DATA SECTION
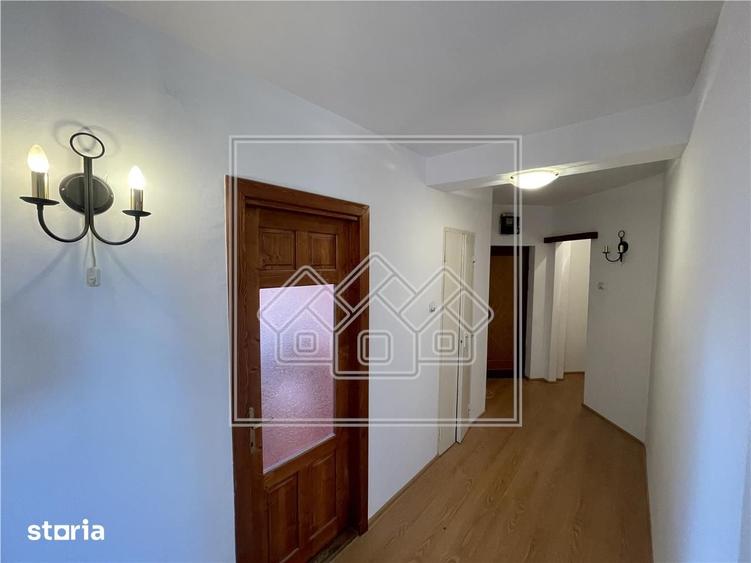 Apartament cu 3 camere în Ultracentral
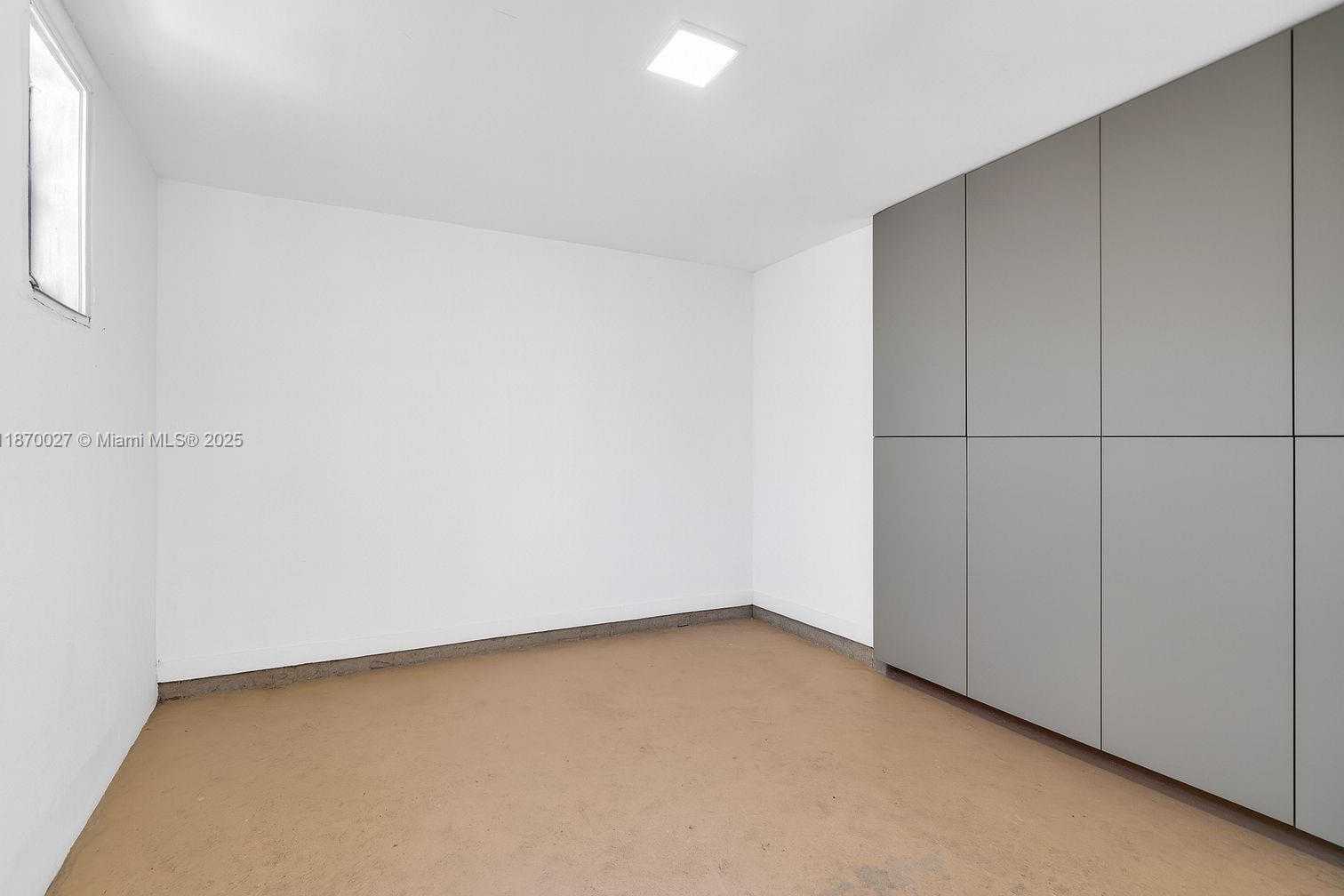 Small Image of 5129 EAST 8TH CT, Hialeah Number 28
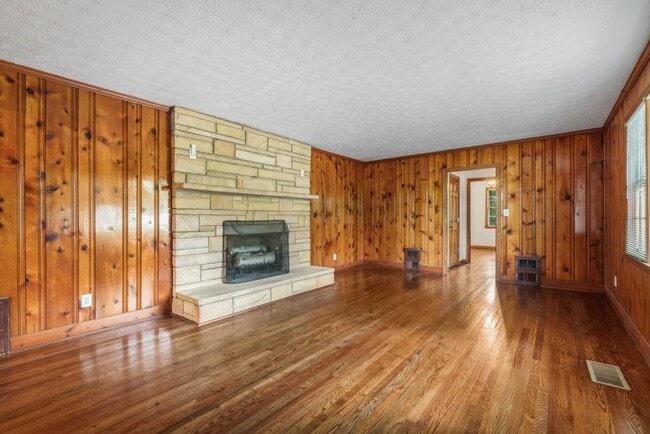 Photo - 1930 Hollywood Rd NW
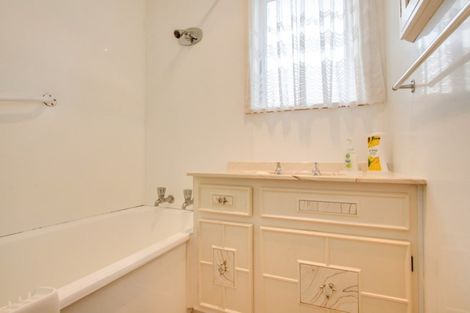 Photo of property in 40 Darwin Crescent, Maraenui, Napier, 4110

WORK TASK
Transcribe the preceding listing in its entirety and with exact wording, leaving out pictures.

THE ANSWER
 Apartament cu 3 camere în Ultracentral
 Small Image of 5129 EAST 8TH CT, Hialeah Number 28
 Photo - 1930 Hollywood Rd NW
 Photo of property in 40 Darwin Crescent, Maraenui, Napier, 4110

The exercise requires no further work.